Ranking, Dissecting the “Friday the 13th” Series (Special Edition)

masks

Since its publication in October of 2014, “Ranking, Dissecting the ‘Friday the 13th’ Series” has been by far the most viewed post on Darkadaptedeye. In celebration of DAE’s fifth anniversary, that original piece has been revisited, expanded, and thoroughly updated, which is something its author both has wanted to do and, frankly, should have done years ago. Thank you for visiting and reading DAE. On behalf of blog/camp management, I hope you enjoy your time down at the lake! -EN

“He neglected to mention that, downtown, they call this place ‘Camp Blood’…”

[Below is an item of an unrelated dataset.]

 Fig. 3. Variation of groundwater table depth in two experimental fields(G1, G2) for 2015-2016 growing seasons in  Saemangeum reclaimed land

John Carpenter’s Halloween is, without question, my favorite horror movie of all time – its prominence as recurring subject matter on this site, whether directly or as an invariably unfair comparison point, is conclusive proof – but its rough-hewn demon spawn, Friday the 13th, actually qualifies as my favorite horror series. I’ve been thinking a lot lately, in fact, about what a surprising little swath of my adolescence and teenage years was given over to fuzzy but fond memories of watching an unstoppable killer stalk nubile teenagers around the grounds of a New Jersey summer camp. For heaven’s sake, why, might you ask? I don’t rightly know. I have always felt an instinctive attraction to things “other”, of course, and have, as a result, found myself on the defensive side of more arguments about “harmful” art and censorship and selective morality than I can properly recount (or care to). One of the joys of growing up is the degree to which you can naturally go about pruning those sorts of conversations out of your life, whether by updating your social circle, changing your surroundings, or both. I still fondly recall a vivid memory of milling about, at (approximately) the age of nine, in the upstairs of my grandparents’ grand, gothic house with two beloved cousins, ten and eight respectively, when one of them announced, “we should play Friday the 13th!”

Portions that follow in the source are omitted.